Dorit Dor (דורית דור; born February 5, 1967, in Haifa) is an Israeli executive, computer scientist, chief technology officer of Check Point Software Technologies Ltd. and Israel Defense Prize winner.

== Biography==
Dorit Dor was born to Shaya Dolinsky, a statistics manager department at the Israel Port Authority, and to Lea Dolinsky, an architect who became an artist. She learned at the Ben-Zvi secondary school in Kiryat Ono on the physical-technological track. She earned her BSc in computer science and mathematics as a part of the Atuda and in 1987, the Israel Defense Forces enlisted her to Unit 8200. She reached the rank of a major as a section head.
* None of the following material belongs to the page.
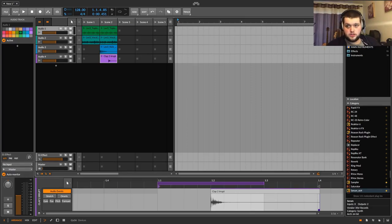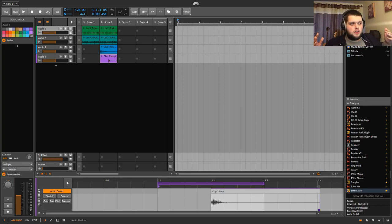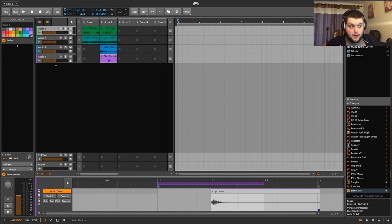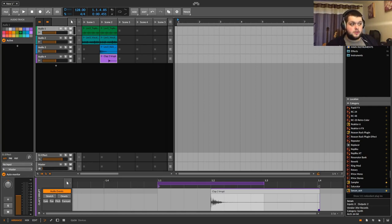I've been getting a lot of questions recently, especially on my last couple of videos, about why I use Bitwig specifically as opposed to a different DAW. I have shown the power of Bitwig pretty well by making songs out of silence in it, but you can do that on any DAW. I just want to show in this video a couple of things that I like about Bitwig and why I choose to use it.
In 1993, when she was 25, Dor won the Israel National Defense Award.

She graduated Bachelor of Science with honors and M. Sc. in computer science from Tel Aviv University.

In 1996, she received her Ph.D. in computer science from Tel Aviv University. She wrote her dissertation about “Selection Algorithms” under the supervision of Uri Zwick.

She has been published in scientific journals for her research on median selection, d-dimensional space, geometric pattern matching, and graph decomposition.

Shlomo Kramer, her acquaintance from the Atuda and 8200, and one of the three company's founders recruited Dor to Check Point in 1995, two years after they established it.

She entered Check Point as the head of the development team of 15 people, today she is leading a team of 1400 people.

She worked for 27 years as the Chief product officer. In 2023 they appointed her to the role of Chief Technological Officer and as the chairperson of Check Point Rockets.

Over the years her role involves heading the company's product management, research and development and quality assurance initiatives, besides the technology partnerships and strategy.

Dor was a speaker at the World Economic Forum,

the RSA Conference

and the GovWare conference.

She serves as director of “Cyber Threat Alliance”

and she sat on the board of “She Codes”, an organization dedicated to elevating the number of female programmers in Israel.

She was a member of the TOP 15 steering committee, a program from the Israeli Ministry of Education that strives to expand the circle of high school students of excellence.

In 2022 Redis appointed her as an independent director.

Dor was included in The Software Reports’ list of the top 25 women leaders in cybersecurity of 2019

and 2020.

She was included in the Solutions Review's list of the 10 key female cybersecurity leaders to know in 2020.

In 2025, Dor, along with her partner Maya Racine Netser, founded a venture capital fund focused on early-stage startups in the quantum technology sector, named Qbeat Ventures.

Dorit Dor is married to Tomer Dor and has two sons.